Церемония вручения Премии состоится 26 апреля 2012 в Москве, в Доме Русского Зарубежья имени Александра Солженицына.
Несколько дней назад наш корреспондент встречался с Олегом Павловым, чтобы поговорить о его последней книге «Дневник больничного охранника» (М.: Время, 2011), которая вызвала широкий отклик в российской прессе.
Книга «Дневник больничного охранника» была написана 16 лет назад, а опубликована сейчас. Почему вы решили, что этот материал должен увидеть свет?

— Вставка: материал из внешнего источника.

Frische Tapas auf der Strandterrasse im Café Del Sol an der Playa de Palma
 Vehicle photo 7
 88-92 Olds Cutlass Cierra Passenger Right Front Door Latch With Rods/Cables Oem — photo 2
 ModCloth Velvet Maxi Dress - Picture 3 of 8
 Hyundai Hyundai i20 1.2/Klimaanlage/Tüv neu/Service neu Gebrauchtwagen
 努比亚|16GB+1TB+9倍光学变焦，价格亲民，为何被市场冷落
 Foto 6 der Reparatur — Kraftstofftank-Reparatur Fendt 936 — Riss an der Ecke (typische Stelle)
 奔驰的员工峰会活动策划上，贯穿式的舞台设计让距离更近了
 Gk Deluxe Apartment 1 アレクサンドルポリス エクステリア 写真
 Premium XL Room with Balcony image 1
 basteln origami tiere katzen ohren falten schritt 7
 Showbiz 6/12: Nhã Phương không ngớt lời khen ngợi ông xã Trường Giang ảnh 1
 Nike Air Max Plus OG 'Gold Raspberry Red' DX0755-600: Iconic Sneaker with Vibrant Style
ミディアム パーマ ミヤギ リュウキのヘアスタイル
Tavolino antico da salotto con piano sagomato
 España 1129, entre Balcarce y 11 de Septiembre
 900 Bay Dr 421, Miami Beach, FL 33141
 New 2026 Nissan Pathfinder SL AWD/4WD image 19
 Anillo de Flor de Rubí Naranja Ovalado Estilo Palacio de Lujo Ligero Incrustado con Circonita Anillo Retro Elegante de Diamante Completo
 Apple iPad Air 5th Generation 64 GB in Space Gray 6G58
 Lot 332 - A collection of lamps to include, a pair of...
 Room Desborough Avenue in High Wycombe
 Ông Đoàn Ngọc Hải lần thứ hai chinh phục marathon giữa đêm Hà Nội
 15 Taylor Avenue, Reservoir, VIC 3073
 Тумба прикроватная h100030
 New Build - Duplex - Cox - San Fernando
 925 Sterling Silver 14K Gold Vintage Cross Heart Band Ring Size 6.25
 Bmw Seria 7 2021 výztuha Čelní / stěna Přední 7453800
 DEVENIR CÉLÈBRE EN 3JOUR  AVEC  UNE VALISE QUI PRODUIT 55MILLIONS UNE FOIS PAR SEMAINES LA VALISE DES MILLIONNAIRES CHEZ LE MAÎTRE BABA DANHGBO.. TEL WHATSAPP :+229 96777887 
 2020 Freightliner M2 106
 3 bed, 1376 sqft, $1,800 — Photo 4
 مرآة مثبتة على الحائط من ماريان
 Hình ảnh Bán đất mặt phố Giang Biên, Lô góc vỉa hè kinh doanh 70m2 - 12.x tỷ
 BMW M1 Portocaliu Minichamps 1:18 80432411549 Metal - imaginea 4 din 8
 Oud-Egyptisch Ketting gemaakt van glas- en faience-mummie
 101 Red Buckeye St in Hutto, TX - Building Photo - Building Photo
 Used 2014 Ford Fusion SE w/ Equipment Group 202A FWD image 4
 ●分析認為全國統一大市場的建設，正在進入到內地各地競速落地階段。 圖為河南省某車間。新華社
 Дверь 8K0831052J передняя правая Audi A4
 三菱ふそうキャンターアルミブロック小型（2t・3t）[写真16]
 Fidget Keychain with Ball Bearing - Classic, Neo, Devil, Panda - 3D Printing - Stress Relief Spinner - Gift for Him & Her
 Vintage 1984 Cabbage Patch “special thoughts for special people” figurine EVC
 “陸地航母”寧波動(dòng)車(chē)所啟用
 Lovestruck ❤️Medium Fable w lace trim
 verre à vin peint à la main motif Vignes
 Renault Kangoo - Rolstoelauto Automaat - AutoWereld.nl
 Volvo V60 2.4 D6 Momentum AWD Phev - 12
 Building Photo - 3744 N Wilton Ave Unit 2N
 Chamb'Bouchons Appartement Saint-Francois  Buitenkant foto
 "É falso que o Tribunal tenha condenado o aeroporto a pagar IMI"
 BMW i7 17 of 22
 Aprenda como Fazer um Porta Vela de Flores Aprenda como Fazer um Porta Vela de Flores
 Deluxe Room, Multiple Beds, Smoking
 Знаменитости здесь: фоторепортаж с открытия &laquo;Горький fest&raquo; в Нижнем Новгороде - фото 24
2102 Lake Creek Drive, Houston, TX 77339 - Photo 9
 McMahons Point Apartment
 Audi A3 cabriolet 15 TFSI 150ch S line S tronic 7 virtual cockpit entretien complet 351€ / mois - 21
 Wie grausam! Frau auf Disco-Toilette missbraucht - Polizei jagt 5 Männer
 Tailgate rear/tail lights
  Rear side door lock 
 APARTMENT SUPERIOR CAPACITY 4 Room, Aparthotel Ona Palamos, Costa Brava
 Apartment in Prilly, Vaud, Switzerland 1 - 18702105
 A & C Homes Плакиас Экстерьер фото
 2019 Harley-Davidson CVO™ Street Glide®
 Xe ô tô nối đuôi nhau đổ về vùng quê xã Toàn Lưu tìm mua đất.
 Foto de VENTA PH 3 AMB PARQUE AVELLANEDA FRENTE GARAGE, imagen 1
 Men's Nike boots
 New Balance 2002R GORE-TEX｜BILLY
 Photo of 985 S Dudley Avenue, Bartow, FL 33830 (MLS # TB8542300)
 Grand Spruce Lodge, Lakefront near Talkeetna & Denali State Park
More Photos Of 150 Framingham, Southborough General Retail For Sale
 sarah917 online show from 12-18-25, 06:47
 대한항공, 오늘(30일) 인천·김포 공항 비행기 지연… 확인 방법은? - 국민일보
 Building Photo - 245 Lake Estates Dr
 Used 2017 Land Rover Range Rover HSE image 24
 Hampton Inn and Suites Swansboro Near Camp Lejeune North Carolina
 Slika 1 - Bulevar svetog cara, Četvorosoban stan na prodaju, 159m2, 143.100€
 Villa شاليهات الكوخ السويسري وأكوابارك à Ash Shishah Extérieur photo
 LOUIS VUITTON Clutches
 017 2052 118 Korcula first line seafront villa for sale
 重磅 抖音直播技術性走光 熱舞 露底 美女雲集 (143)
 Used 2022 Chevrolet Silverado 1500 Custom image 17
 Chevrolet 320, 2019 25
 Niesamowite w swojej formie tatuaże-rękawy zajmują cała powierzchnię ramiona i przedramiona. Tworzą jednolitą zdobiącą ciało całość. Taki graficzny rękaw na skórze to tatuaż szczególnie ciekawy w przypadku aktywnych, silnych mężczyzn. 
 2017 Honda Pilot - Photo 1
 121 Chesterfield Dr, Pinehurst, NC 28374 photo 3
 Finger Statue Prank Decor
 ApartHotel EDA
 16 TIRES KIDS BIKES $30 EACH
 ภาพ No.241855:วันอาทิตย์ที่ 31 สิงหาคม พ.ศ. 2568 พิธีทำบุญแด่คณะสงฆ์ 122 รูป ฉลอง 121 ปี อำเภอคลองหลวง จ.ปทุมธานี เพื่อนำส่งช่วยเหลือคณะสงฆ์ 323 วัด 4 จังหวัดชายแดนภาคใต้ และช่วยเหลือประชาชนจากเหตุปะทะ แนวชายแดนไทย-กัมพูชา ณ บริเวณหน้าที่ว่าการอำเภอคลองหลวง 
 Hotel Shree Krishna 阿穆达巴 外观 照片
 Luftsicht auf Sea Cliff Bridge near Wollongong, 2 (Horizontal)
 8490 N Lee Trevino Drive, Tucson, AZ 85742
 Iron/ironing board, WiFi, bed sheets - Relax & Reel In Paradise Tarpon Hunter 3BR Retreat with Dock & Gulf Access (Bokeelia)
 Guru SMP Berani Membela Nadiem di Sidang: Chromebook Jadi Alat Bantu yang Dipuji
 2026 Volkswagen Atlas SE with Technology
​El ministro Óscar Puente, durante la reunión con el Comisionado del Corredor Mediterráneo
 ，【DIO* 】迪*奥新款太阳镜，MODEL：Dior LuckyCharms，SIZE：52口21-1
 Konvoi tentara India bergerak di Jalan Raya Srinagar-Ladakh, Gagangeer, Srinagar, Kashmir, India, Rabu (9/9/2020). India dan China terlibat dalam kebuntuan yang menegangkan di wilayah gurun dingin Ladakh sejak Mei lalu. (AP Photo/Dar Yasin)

Олег Павлов: Это дневниковые записи, которые я вел пять лет, без мысли, что это может стать книгой, но для того, чтобы запомнить. Надо было выживать, и я работал больничным охранником. Меня спрашивали: что, биографию себе зарабатываешь? Но я вроде бы и так был писателем с биографией, служил в лагерях. Сам дневник я не мог опубликовать еще и потому, что там вокруг-то были реальные люди, и они же мне права на это не давали: писать там что-то о них… Но прошло шестнадцать лет, и оказалось, что о девяностых, в общем, ничего не написано. Пришло понимание, что ничего честнее я не напишу. А потом мои издатели решили, что они дневник опубликуют. И сегодня уже понятно, что эта книга как человеческий документ о девяностых — победила.
А сейчас другое время?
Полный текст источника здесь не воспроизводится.